De nombreuses réticences perdurent

Le rapport Jutand fait quatre recommandations au gouvernement, pour inscrire l’ouverture des données publiques de transport dans la future loi numérique. Avec un principe de base : "La notion d’intérêt général est le véritable moteur pour savoir quelles données doivent être ouvertes", explique Francis Jutand. En effet, même s’il parait évident que toutes les données doivent être ouvertes pour que cela serve à quelque chose, les acteurs, même publics, sont réticents à partager les données dynamiques. Celles qui indiquent en temps réel les horaires effectifs de passage, les ralentissements, les accidents… Consensuel dans sa première recommandation, le rapport propose donc trois modes d’ouverture pour les données publiques de transport : ouvertes libres de réutilisations, ouvertes sous condition et ouvertes à fin d’étude et de recherche. Une idée qui ne fait pas l’unanimité. "On ne peut pas construire un système de transport sans toutes les données", insiste Henri Verdier.

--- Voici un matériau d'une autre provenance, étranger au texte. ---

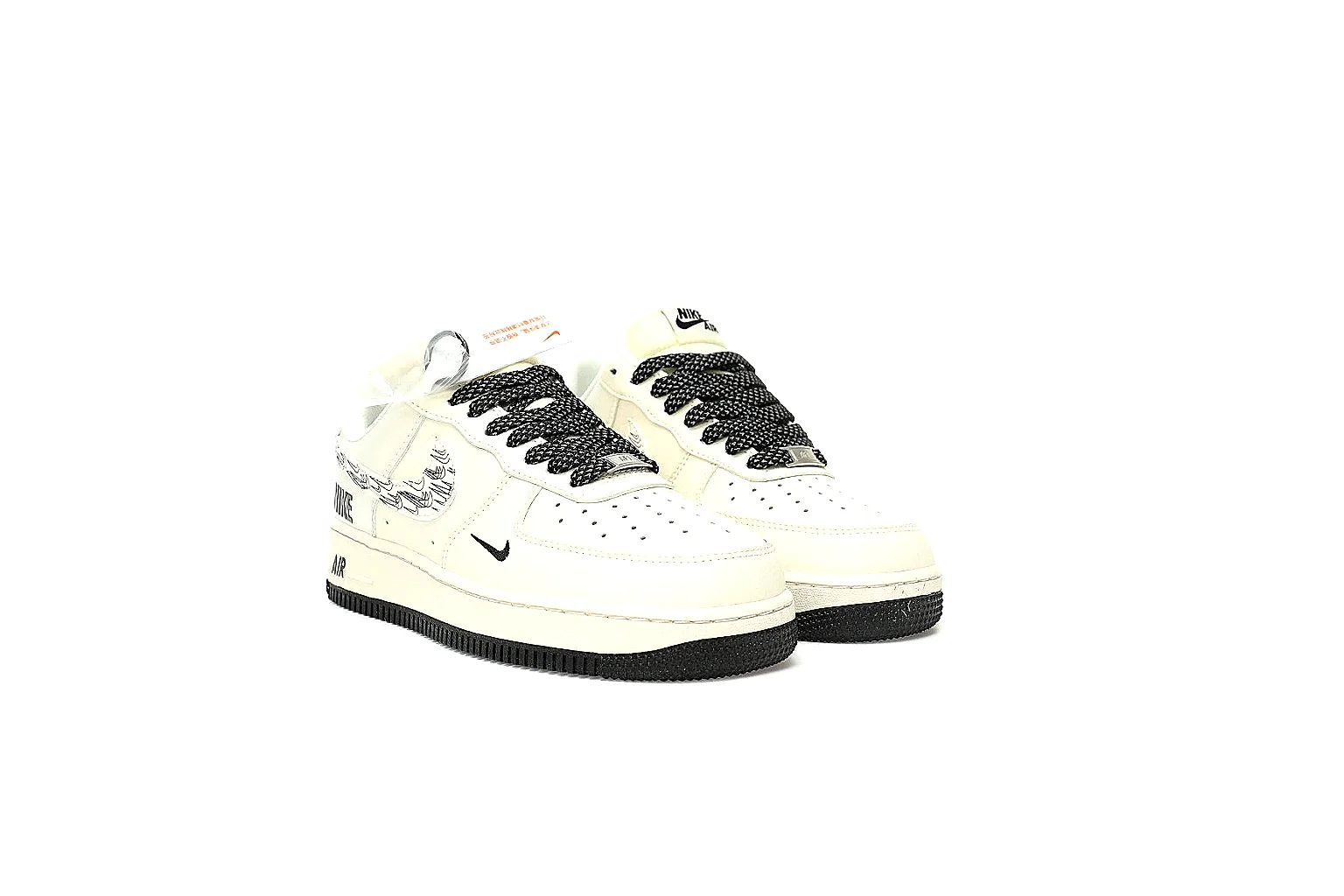 Kako Find List budget photos for Nike White Black Low Court thumbnail 5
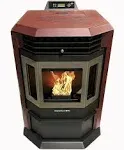 ComfortBilt HP22 Pellet Stove Burgundy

La qualité des données, critère primordial

Moins polémique, la deuxième recommandation propose de fixer le cadre, avec la rédaction de CGU (Conditions générales d’utilisation) et l’utilisation en priorité du mode de licence ouverte défini par Etalab. Le rapport ne peut certes pas imposer l’open data transport aux entreprises en concurrence, mais il les incite fortement à l’inscrire dans leur stratégie dans ses recommandations 3 et 4. Reste enfin l’épineux problème de la qualité et de la complétude des données. Car ouvrir les données ne sert à rien si elles ne sont pas valorisables. Or les start-up du secteur s’arrachent les cheveux pour exploiter les données déjà ouvertes, tant il manque un référentiel commun. Sans parler des trous. "L’impact du coût de production des données et la nature des modèles économiques associés sur la qualité de service et la valorisation des données doivent être pris en compte, mais ne doivent pas conduire à pérenniser les 'trous de gruyère' quand l’intérêt général est en jeu", indique le rapport. En clair, les données publiques ouvertes devront être de qualité. Aucune excuse ne sera acceptée. Au gouvernement d’inscrire toutes ces obligations dans sa loi numérique, qui devrait être débattue à l’automne 2015.